Something I’ve personally noticed in crypto
Over the past year I’ve noticed a pattern.
Retail users love transparency on blockchains. Traders like us can track wallets, watch whale movements, and analyze data.
But institutions often see it differently.
Funds, payment companies, and trading platforms can’t always operate with complete public visibility. Trading strategies, liquidity flows, counterparties - those are sensitive.
So they need a balance:
enough transparency to prove solvency and compliance
enough privacy to protect business data
That’s exactly the gap Midnight seems to be targeting.
The operator list is actually pretty strong
Another thing I checked was the network operator group. It already includes names like:
MoneyGram
eToro
Google Cloud
Blockdaemon
Pairpoint by Vodafone
When infrastructure companies start joining early like this, it usually means they see potential use cases.
My honest take
I’m not saying this guarantees success. Crypto has seen plenty of big announcements that didn’t lead anywhere.
But I do think the problem Midnight is trying to solve is real.
Institutional players want to interact with blockchain systems, yet they also need privacy and compliance.
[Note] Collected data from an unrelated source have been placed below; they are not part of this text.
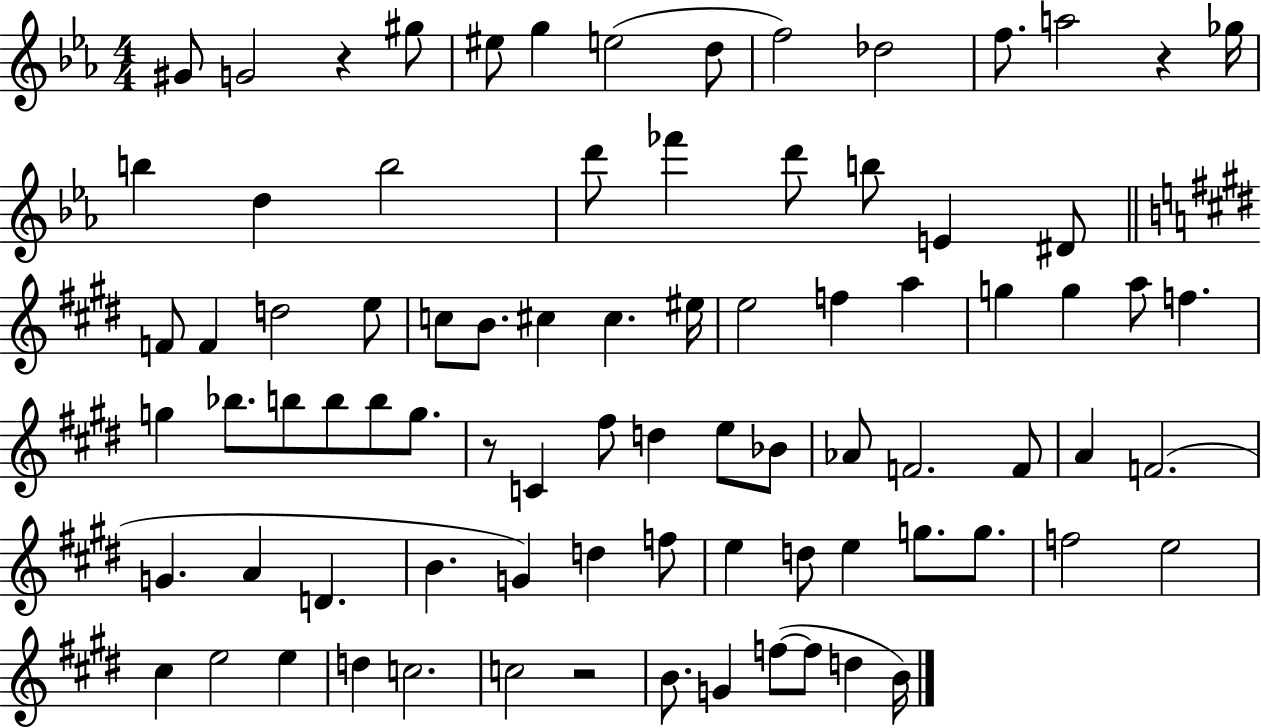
X:1
T:Untitled
M:4/4
L:1/4
K:Eb
^G/2 G2 z ^g/2 ^e/2 g e2 d/2 f2 _d2 f/2 a2 z _g/4 b d b2 d'/2 _f' d'/2 b/2 E ^D/2 F/2 F d2 e/2 c/2 B/2 ^c ^c ^e/4 e2 f a g g a/2 f g _b/2 b/2 b/2 b/2 g/2 z/2 C ^f/2 d e/2 _B/2 _A/2 F2 F/2 A F2 G A D B G d f/2 e d/2 e g/2 g/2 f2 e2 ^c e2 e d c2 c2 z2 B/2 G f/2 f/2 d B/4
That combination hasn’t really been solved properly on most public chains.
If Midnight manages to make private payments + verifiable reserves work at the protocol level, that could open the door for a different type of DeFi participation.
Anyway… that’s just my take after reading the announcement today.
Curious what others think.
Do you think privacy-focused infrastructure like Midnight could help bring institutions deeper into DeFi, or will open public chains always dominate the space?